• Work to be completed:
For this exercise, restate word for word only the lines from the first line of the data to the line containing "tat_realestate_Group".

=-=-=-=-=

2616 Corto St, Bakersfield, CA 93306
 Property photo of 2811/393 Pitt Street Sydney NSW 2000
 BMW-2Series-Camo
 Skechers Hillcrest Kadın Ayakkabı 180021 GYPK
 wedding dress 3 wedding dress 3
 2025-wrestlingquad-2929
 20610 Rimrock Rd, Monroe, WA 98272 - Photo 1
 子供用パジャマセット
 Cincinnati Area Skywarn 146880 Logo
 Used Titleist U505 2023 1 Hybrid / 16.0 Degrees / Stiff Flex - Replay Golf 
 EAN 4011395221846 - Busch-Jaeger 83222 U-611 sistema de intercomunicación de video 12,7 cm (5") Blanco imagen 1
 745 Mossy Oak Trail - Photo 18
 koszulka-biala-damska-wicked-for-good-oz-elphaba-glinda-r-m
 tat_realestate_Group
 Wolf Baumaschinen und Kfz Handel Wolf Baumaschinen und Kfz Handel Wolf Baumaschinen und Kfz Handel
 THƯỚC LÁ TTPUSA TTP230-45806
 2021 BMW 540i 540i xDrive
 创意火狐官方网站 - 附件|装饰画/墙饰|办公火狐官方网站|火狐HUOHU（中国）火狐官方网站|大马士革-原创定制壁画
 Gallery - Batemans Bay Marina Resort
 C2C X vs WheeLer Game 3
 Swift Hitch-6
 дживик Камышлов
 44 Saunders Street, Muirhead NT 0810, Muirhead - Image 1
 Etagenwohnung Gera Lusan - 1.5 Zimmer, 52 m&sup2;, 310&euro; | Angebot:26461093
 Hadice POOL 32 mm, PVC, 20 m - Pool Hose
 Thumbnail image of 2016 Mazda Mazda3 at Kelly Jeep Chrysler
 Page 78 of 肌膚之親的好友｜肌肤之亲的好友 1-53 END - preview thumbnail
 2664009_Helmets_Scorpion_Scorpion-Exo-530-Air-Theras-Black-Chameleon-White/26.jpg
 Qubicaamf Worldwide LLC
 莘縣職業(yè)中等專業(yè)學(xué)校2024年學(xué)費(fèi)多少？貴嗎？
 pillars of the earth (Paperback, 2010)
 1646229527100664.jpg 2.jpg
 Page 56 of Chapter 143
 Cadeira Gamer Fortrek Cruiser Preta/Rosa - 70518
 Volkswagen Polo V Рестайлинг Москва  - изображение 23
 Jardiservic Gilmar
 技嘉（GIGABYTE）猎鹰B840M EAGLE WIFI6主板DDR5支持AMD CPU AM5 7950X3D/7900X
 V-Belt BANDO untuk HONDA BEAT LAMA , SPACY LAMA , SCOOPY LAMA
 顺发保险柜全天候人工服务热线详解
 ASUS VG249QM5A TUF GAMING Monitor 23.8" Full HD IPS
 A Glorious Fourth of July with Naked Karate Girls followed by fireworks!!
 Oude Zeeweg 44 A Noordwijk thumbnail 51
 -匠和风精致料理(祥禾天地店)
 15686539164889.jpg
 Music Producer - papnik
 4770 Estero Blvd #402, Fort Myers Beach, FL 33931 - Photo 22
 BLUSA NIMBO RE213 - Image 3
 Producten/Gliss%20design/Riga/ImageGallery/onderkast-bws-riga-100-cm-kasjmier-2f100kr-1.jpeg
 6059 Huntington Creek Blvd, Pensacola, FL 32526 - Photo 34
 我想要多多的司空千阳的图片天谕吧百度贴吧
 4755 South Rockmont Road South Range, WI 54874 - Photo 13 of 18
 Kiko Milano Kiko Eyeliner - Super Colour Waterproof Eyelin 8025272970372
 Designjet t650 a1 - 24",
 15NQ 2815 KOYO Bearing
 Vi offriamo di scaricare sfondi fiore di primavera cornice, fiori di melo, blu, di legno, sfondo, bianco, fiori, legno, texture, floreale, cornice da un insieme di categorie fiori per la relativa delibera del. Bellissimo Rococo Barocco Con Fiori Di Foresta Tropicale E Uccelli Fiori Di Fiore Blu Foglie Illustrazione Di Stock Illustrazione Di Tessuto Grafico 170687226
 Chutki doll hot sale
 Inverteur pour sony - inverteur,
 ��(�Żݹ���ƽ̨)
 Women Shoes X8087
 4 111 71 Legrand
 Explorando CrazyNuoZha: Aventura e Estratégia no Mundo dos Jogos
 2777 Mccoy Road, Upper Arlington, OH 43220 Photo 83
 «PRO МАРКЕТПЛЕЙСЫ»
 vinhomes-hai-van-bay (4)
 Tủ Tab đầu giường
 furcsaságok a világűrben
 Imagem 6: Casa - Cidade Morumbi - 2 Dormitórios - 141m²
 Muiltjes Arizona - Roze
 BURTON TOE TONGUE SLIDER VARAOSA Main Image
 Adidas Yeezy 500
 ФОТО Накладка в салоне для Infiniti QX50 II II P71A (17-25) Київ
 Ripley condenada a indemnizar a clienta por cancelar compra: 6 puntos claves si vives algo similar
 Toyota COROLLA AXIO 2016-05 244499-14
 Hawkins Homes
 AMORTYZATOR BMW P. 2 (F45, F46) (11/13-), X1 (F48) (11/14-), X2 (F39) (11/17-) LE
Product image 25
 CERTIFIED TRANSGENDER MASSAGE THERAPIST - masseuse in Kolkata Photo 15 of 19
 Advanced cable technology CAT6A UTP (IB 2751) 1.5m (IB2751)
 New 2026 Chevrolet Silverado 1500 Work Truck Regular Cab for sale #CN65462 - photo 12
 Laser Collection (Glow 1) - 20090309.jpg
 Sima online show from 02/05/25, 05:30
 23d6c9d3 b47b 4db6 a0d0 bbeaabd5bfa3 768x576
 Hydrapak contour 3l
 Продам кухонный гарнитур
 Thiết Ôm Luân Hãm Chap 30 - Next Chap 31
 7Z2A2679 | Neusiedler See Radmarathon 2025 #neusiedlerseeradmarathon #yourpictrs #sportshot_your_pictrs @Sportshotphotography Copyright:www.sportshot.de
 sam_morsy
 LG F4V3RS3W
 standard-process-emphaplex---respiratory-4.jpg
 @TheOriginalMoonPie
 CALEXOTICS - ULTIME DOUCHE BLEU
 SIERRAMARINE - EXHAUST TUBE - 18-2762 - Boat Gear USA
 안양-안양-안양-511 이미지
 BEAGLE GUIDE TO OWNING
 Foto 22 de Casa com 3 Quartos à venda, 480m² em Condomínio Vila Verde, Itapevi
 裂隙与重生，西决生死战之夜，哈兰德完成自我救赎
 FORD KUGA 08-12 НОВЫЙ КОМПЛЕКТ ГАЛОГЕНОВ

=-=-=-=-=

• Exercise response:
2616 Corto St, Bakersfield, CA 93306
 Property photo of 2811/393 Pitt Street Sydney NSW 2000
 BMW-2Series-Camo
 Skechers Hillcrest Kadın Ayakkabı 180021 GYPK
 wedding dress 3 wedding dress 3
 2025-wrestlingquad-2929
 20610 Rimrock Rd, Monroe, WA 98272 - Photo 1
 子供用パジャマセット
 Cincinnati Area Skywarn 146880 Logo
 Used Titleist U505 2023 1 Hybrid / 16.0 Degrees / Stiff Flex - Replay Golf 
 EAN 4011395221846 - Busch-Jaeger 83222 U-611 sistema de intercomunicación de video 12,7 cm (5") Blanco imagen 1
 745 Mossy Oak Trail - Photo 18
 koszulka-biala-damska-wicked-for-good-oz-elphaba-glinda-r-m
 tat_realestate_Group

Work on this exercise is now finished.